Der “nullte” Punkt der Ausbildungsskala
Dieser Aspekt wird nur alzu oft vergessen und bleibt in den offiziellen sechs Punkten der Ausbildungsskala ebenfalls unbeachtet. Wir nennen es den “nullten” Punkt, da er vor allen anderen steht und Voraussetzung für jede erfolgreiche Zusammenarbeit ist: zu jeder Trainingseinheit sollte der Reiter innere Ruhe und Gelassenheit mitbringen. Er wird während des Ausbildungsverlaufes viel Geduld aufbringen müssen und das sollte ihm vorher stets klar sein. So wird ein unruhiger und ungeduldiger Reiter es immer schwerer haben eine Losgelassenheit und Anlehnung des Pferdes zu erzielen.

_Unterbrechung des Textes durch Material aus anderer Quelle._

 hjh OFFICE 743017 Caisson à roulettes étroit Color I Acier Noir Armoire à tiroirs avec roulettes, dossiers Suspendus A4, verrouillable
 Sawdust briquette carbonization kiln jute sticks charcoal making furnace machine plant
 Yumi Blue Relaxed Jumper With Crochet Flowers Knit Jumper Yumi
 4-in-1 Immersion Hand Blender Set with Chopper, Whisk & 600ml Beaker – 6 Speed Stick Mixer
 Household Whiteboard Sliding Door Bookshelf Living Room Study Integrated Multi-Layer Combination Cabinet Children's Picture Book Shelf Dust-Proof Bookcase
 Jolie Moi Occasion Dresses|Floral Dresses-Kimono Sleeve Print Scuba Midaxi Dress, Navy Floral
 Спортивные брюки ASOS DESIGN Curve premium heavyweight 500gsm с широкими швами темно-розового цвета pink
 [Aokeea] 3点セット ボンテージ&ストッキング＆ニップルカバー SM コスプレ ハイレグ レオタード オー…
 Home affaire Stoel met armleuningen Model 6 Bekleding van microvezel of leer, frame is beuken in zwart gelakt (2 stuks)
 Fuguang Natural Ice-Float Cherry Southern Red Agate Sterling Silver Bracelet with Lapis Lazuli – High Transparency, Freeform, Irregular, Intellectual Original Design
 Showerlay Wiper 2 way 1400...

Takt – Losgelassenheit – Anlehnung – Schwung – Geraderichtung – Versammlung
1. und 2. Punkt: Takt und Losgelassenheit
Zwar wird stetig über die Reihenfolge der Ausbildungsskala gestritten, doch sind die meisten wohl darüber einig mit Takt und Losgelassenheit zu beginnen. Ein guter Takt ist dann erreicht, wenn das Pferd in regelmäßigen und vor allem großen Schritten voran schreitet. Durch die Gelassenheit des Reiters wird auch das Pferd über kurz oder lang zu einer Losgelassenheit gelangen – eine absolute Voraussetzung, um seine Arbeitsbereitschaft zu erlangen. Bei erfahrenen und bereits gänzlich ausgebildeten Pferden setzt der Takt und die Losgelassenheit meist etwas schneller ein, als bei jungen und sich noch in der Ausbildung befindenden Pferden.
3. Punkt: Die Anlehnung
Auf den Takt und die Gelassenheit folgt der vielleicht schwierigste, wenngleich auch der zentralste Punkt der gesamten Ausbildung: die Anlehnung. Dies bedeutet eine elastische Verbindung zwischen Pferdemaul und Reiterhand. Das Pferd soll nicht starr im Genick werden und sich gegen die Zügel lehnen (der Begriff “Anlehnung” mag hierbei zunächst konträr erscheinen), sondern einen runden Hals machen und seinen Rücken aufwölben.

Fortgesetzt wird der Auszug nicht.